[Task input]:
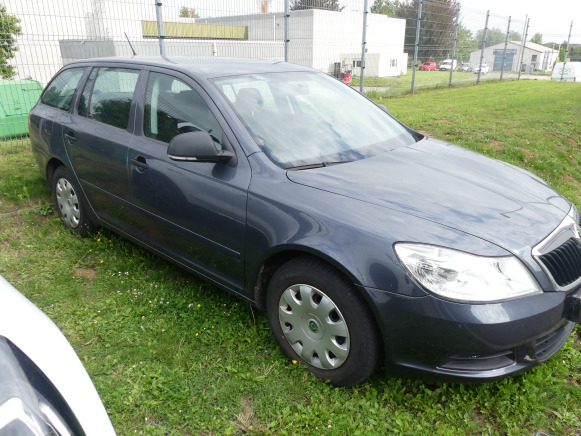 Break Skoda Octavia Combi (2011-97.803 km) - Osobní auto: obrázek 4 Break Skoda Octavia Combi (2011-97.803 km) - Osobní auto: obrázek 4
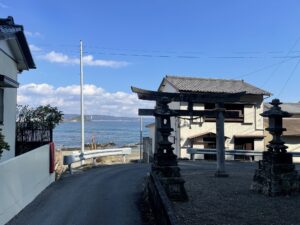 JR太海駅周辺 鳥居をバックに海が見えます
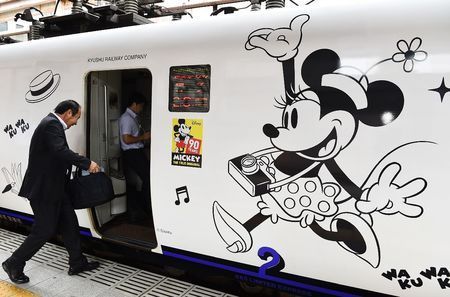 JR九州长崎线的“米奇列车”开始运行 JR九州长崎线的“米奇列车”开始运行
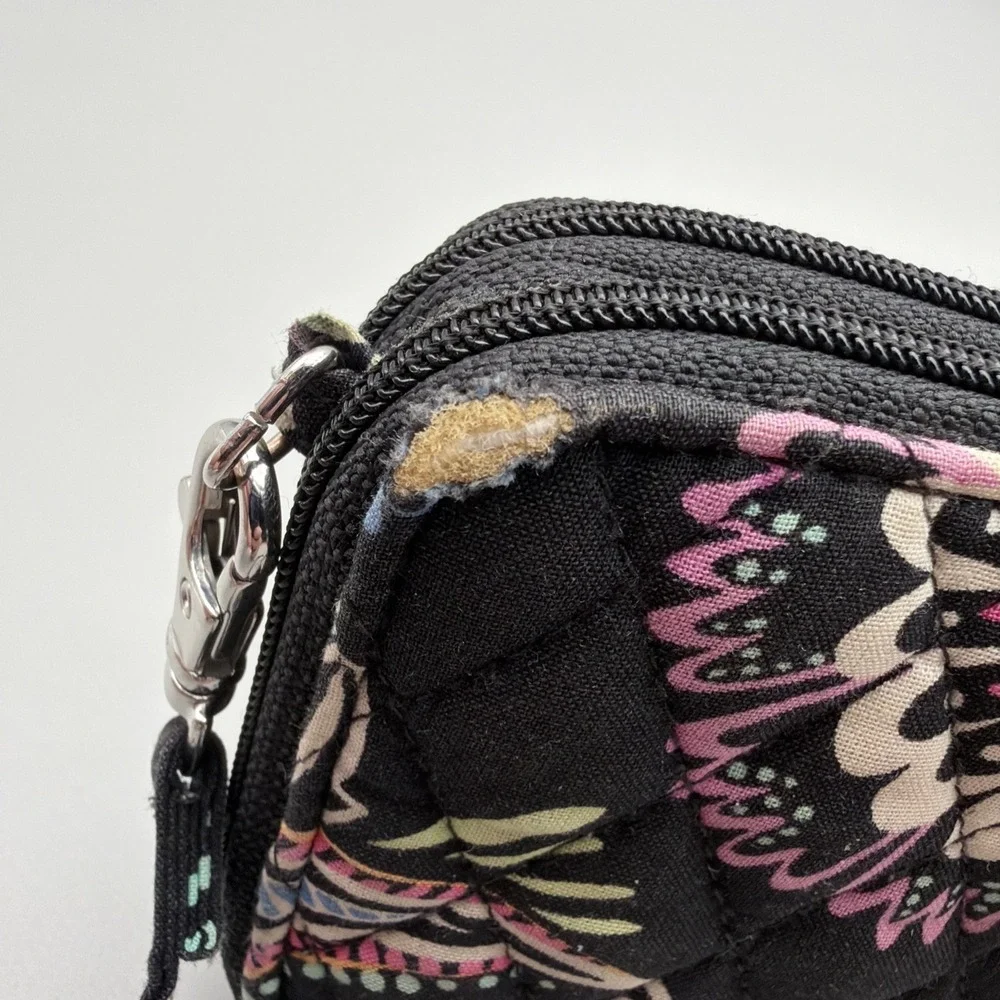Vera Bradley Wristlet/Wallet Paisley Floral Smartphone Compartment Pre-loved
--
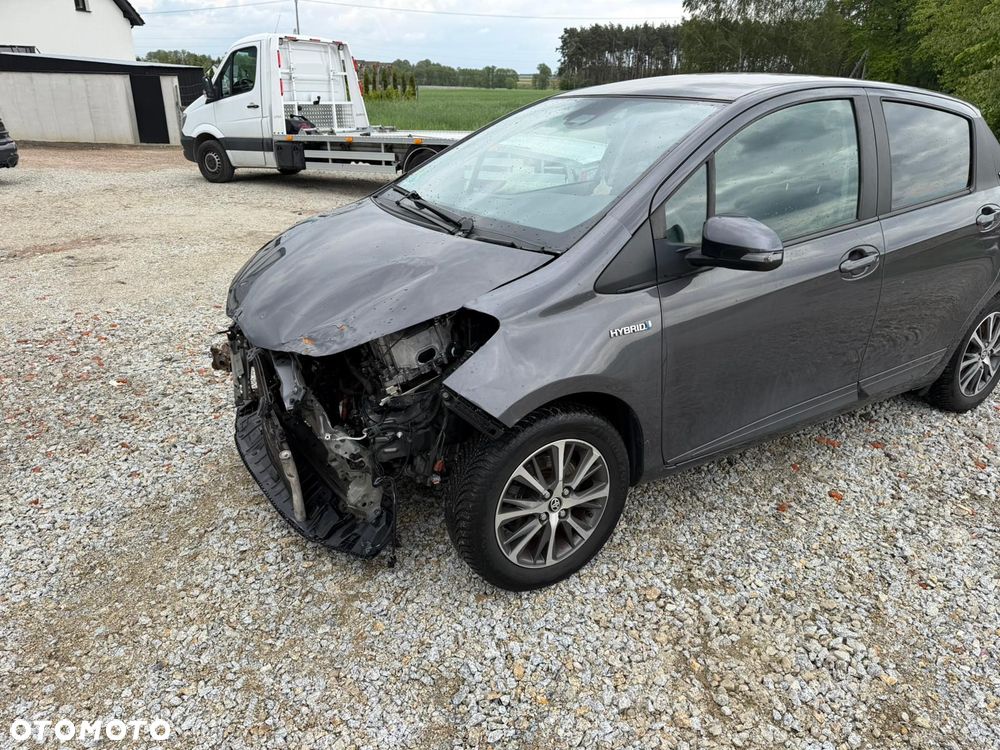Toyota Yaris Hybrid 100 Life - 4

[Task brief]:
Here the job is to copy the listing above word for word, starting at the line with "obrázek 4 Break" and ending at the line with "Vera Bradley Wristlet/Wallet", and to leave out the pictures.

[Response to this task]:
 Break Skoda Octavia Combi (2011-97.803 km) - Osobní auto: obrázek 4 Break Skoda Octavia Combi (2011-97.803 km) - Osobní auto: obrázek 4
 JR太海駅周辺 鳥居をバックに海が見えます
 JR九州长崎线的“米奇列车”开始运行 JR九州长崎线的“米奇列车”开始运行
Vera Bradley Wristlet/Wallet Paisley Floral Smartphone Compartment Pre-loved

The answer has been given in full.